The chairman of the health trust responsible for mental health in Cornwall says that a reduction in creative arts in schools could impact young people’s mental health.

Barbara Vann, chairman of Cornwall Partnership NHS Foundation Trust, made the comments at a meeting of Cornwall Council’s health and wellbeing board on Wednesday (September 4).

She was responding to a question from Labour councillor Cornelius Olivier, who asked whether the increased demand for mental health services among children and young people was a result of increased numbers of children suffering mental illness or a result of better recognition of such problems.

In responding she turned her attention to the national curriculum which she said was doing children “a great disservice”.

Dr Vann said: “There has always been a level of children’s mental ill health that has not been recognised.

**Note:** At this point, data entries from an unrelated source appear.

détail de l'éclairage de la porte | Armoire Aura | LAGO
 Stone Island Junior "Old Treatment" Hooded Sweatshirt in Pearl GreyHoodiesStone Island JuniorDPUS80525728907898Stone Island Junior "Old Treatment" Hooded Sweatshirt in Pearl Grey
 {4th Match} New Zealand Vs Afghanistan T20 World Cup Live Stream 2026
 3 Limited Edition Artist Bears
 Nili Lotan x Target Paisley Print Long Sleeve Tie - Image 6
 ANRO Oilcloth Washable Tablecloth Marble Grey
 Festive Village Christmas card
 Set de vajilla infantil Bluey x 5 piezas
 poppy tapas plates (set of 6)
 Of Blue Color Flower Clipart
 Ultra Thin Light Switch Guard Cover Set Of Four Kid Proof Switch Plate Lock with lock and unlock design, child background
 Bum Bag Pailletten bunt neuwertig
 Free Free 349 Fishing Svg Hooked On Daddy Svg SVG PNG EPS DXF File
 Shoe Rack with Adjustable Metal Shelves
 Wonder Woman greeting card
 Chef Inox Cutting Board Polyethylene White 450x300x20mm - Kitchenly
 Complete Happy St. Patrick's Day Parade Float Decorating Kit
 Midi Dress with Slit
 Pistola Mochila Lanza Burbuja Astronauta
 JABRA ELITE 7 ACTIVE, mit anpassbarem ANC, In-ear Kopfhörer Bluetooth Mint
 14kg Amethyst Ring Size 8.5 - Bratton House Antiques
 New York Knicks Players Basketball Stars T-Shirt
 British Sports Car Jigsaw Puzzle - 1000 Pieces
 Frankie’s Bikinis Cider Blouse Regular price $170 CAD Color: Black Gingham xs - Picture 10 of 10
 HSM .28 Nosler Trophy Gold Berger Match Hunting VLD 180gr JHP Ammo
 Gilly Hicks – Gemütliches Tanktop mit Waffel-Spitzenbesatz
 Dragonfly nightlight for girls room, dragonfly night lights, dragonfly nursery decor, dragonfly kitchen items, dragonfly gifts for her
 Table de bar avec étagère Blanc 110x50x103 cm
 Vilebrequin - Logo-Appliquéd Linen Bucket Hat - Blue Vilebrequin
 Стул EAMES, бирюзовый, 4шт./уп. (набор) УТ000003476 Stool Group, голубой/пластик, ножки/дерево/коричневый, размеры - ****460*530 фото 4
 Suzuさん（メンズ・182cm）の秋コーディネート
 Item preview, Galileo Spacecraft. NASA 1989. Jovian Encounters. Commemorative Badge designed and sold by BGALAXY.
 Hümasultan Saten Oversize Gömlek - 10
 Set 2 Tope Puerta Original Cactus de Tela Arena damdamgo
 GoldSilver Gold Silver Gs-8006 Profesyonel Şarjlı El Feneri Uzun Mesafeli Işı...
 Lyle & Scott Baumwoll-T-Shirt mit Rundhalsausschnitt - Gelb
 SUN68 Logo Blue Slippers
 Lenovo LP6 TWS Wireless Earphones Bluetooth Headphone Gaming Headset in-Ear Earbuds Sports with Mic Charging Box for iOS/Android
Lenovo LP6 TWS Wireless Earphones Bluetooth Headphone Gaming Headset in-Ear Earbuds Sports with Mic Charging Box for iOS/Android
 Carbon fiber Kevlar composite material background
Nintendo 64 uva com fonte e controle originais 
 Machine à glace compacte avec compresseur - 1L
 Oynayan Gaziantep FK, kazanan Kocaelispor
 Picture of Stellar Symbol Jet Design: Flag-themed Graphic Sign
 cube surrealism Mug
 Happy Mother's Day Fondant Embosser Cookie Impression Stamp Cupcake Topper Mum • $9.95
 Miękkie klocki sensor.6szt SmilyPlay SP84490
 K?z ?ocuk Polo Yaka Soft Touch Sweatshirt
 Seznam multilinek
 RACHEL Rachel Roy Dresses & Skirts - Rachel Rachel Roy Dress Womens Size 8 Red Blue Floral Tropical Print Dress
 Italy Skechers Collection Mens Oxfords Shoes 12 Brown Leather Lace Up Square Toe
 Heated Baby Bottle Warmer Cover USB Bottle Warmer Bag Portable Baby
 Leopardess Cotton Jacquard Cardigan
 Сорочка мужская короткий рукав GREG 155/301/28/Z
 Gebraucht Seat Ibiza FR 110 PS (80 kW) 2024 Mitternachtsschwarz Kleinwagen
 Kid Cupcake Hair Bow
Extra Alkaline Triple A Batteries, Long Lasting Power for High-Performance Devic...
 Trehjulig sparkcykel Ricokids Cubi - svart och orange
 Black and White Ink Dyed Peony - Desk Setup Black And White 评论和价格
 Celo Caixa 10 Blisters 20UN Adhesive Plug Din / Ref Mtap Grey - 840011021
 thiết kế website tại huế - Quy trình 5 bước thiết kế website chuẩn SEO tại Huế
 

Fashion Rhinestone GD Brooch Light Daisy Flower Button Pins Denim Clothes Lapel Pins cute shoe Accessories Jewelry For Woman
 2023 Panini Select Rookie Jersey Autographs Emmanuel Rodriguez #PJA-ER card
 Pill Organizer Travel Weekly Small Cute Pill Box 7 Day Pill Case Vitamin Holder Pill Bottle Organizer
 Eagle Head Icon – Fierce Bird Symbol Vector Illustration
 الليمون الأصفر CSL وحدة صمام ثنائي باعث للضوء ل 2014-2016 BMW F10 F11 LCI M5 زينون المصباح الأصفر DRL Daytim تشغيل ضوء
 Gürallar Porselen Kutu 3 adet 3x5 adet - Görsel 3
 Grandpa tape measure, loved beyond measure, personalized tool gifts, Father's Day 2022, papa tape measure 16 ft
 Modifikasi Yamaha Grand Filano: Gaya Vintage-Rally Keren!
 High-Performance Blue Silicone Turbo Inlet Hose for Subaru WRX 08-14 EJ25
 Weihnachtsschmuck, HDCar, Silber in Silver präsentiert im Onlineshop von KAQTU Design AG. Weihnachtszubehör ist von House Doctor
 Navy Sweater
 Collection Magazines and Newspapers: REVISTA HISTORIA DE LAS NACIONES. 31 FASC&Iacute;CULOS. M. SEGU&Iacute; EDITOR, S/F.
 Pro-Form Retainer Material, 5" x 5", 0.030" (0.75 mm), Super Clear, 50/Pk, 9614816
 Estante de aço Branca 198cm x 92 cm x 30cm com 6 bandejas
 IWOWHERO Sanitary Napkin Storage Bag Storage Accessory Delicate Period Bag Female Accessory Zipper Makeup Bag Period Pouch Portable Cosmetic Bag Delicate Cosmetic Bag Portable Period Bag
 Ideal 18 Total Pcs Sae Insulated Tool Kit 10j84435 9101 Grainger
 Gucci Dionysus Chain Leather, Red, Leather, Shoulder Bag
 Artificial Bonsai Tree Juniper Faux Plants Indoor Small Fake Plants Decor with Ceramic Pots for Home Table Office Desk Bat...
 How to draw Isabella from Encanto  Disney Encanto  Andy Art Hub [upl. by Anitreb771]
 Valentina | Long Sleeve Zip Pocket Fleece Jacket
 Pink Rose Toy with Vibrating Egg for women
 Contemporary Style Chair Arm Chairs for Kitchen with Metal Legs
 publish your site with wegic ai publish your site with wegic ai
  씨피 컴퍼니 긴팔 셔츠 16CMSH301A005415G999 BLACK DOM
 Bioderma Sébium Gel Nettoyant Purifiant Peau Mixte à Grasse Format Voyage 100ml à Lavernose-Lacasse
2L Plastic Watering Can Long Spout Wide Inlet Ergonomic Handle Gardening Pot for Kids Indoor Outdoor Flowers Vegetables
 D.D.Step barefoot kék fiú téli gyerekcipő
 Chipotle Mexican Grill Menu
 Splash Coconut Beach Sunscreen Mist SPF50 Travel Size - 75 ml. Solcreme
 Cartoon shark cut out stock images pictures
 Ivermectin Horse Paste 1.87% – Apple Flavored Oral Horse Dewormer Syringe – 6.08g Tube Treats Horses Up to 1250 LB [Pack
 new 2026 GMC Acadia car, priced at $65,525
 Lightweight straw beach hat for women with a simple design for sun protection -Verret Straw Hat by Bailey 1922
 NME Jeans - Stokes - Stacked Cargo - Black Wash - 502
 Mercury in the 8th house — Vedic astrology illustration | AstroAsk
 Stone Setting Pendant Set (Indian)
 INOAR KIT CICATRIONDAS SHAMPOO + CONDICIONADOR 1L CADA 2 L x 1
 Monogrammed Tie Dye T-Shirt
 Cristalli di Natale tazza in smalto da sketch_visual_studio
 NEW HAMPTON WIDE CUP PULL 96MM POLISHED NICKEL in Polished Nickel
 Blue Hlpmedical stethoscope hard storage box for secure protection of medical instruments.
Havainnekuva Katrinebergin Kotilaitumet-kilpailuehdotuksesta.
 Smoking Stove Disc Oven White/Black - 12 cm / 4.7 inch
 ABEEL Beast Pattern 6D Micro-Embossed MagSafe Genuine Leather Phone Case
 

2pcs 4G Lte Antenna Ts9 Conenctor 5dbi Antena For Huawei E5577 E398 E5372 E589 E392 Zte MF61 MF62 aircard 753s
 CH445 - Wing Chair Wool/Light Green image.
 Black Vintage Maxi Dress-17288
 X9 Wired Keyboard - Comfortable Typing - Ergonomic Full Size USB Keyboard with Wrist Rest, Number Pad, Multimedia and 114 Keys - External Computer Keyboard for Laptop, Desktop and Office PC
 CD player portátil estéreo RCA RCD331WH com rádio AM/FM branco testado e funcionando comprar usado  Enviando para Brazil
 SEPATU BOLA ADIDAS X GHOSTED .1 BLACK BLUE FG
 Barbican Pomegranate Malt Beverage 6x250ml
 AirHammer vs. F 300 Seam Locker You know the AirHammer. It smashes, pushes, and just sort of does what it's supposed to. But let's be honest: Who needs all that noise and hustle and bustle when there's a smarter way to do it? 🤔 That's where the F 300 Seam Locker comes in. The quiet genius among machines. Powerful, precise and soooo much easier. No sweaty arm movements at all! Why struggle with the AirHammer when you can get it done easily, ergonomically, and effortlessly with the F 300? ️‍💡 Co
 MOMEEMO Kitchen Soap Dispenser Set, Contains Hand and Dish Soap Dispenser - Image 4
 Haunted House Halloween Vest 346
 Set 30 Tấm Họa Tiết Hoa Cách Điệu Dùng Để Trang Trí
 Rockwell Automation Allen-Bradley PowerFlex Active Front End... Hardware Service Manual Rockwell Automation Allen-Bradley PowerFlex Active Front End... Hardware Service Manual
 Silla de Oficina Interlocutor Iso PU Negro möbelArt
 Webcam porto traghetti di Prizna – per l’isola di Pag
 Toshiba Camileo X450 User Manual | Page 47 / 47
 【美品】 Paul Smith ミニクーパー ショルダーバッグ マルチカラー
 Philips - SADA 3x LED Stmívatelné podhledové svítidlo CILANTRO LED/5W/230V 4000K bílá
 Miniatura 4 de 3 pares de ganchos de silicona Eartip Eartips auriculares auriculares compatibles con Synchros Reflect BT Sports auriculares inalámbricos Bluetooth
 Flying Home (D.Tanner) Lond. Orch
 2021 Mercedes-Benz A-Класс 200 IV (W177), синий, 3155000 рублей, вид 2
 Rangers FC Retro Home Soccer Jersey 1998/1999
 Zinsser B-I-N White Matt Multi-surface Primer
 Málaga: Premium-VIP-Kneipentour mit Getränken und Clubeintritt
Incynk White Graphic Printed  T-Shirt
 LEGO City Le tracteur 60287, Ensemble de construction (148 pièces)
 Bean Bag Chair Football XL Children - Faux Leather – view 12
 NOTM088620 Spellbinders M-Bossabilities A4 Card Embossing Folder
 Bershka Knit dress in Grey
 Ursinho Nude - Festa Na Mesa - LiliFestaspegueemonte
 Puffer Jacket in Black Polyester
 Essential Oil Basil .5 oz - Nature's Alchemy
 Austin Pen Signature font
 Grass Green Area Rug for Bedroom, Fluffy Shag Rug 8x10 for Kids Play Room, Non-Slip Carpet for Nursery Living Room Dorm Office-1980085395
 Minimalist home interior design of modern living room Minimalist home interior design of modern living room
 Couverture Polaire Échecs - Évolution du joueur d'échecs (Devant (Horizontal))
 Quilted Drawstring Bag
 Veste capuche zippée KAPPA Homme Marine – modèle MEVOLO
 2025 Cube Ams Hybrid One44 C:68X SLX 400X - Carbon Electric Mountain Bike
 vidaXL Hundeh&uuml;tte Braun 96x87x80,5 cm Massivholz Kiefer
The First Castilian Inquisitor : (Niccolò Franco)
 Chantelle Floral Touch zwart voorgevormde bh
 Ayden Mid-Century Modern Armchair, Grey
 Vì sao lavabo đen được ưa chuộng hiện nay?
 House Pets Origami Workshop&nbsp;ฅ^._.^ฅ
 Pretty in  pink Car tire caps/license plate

“We didn’t take children’s anxieties seriously enough as adults, that is something we have recognised. What we require for your young people these days is very different from the situation that other people might remember, like people in this room.

“What is better is that we listen more to young people, we are taking notice of them and responding to help them.”

She said that while things had improved there was still work to be done.

“It is happening, but it is not happening fast enough,” she said.

Dr Vann, who was a headteacher for 23 years, said that more work was being done with health professionals working closely with schools to help children and young people.

But she added: “There has been a change to the school curriculum that denigrates creative arts. That has done our children a great disservice.”

She then explained that her own grandson was dyslexic, but “bright as a button” and found that academic subjects were more difficult due to his dyslexia.

However, access to creative subjects had been reduced in schools due to a shift in how the Government wants schools to teach.

“What is that going to do for his confidence?” she said.

“What could that potentially do to him in terms of mental health?

“I think as adults we should do more to look at this. As a society we need to look at that more seriously.”